A Canadian mining company was instrumental in lobbying the Trump administration to open the Bears Ears National Monument in Utah to uranium mining, the New York Times reports.
When it was designated by President Barack Obama in December 2016, the national monument protected 547,074 hectares of arid land marked by two prominent mesas—the bear’s “ears” of Indigenous legend. In December 2017, the Trump administration withdrew protection from more than 85% of the area, effective next month.
“The vast majority” of more than 300 legacy uranium mining claims located inside the monument’s original boundaries now happen to “fall neatly outside the new boundaries of Bears Ears set by the administration,” the Times reports.
About a third of those are linked through a subsidiary to Toronto-based uranium producer Energy Fuels, the paper adds, citing its examination of U.S. Bureau of Land Management records. The company was “a notable presence” in industry lobbying directed last year at U.S. Interior Secretary Ryan Zinke to shrink the Bear’s Ears monument.
Zinke visited the Utah monument shortly after he was appointed.

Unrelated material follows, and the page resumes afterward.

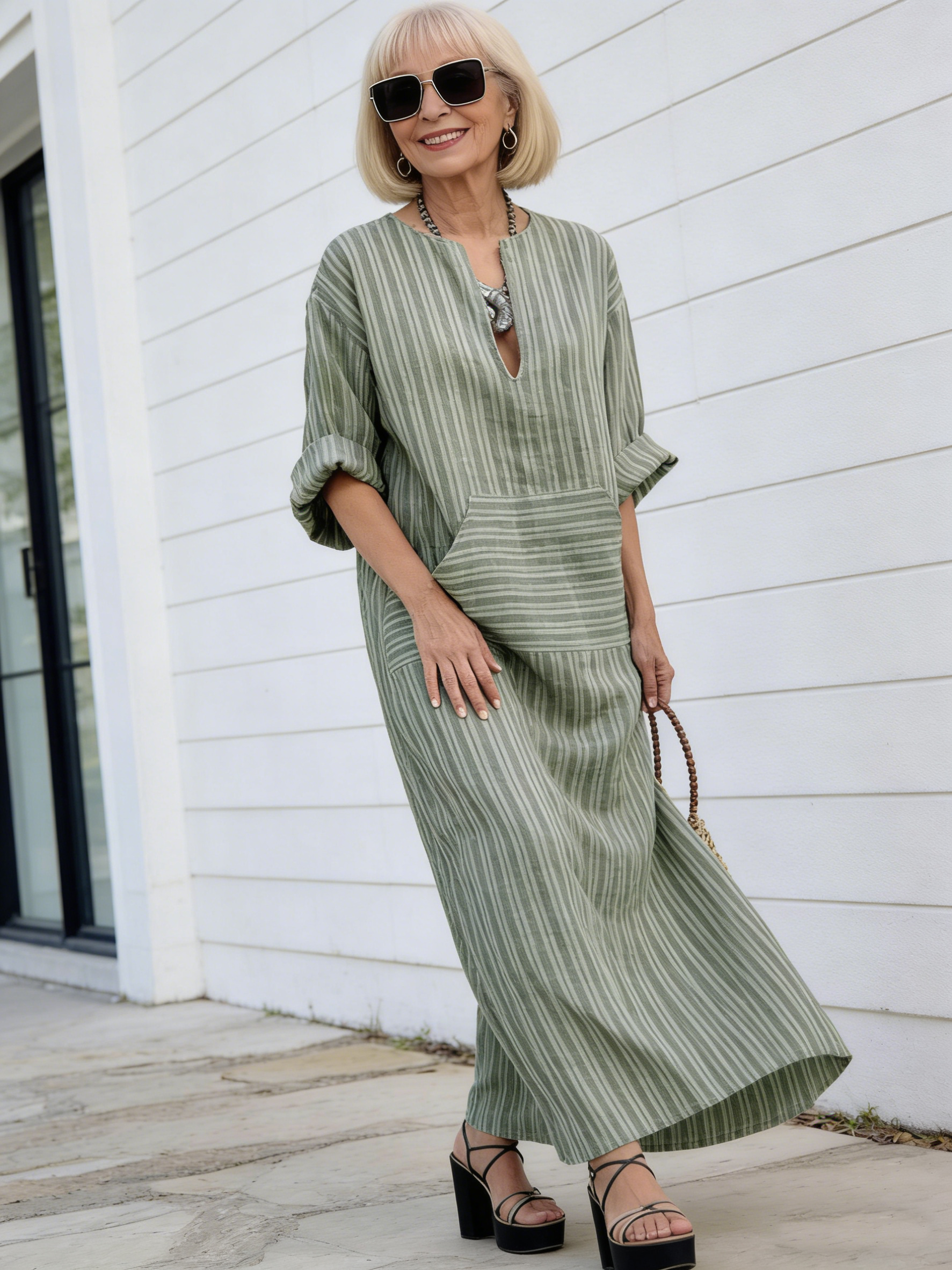 Cotton and linen dyed striped loose dress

There, First Energy executives “openly lobbied for shrinking Bears Ears’ borders, handing out [a] map that marked the pockets the company wanted removed: areas adjacent to its White Mesa Mill, just to the east of the monument, and its Daneros Mine, which it is developing just to the west.”
Two weeks after the visit, Energy Fuels wrote Zinke’s department that uranium deposits inside the monument’s boundary “could provide valuable energy and mineral resources in the future,” and urged him to withdraw protected-area designation from the industry’s “existing or future operations”.
“Zinke has insisted that mining played no role in the decision to shrink Bears Ears,” the Times notes. But Trump, in ordering his interior secretary to review the Obama-era designation, had claimed protection might “create barriers to achieving energy independence”.
First Energy is also developing a uranium mine six miles from the Grand Canyon’s South Rim in Arizona. Since excavation began on a 1,500-foot production shaft, unanticipated encounters with groundwater have released uranium-contaminated water to the surface, the Times reports.
Meanwhile, of some 500 mineshafts sunk in the area of the Bears Ears in the 1950s and 1960s to support the United States’ drive for nuclear superpower status, “all but a few still await cleanup,” the Times observes.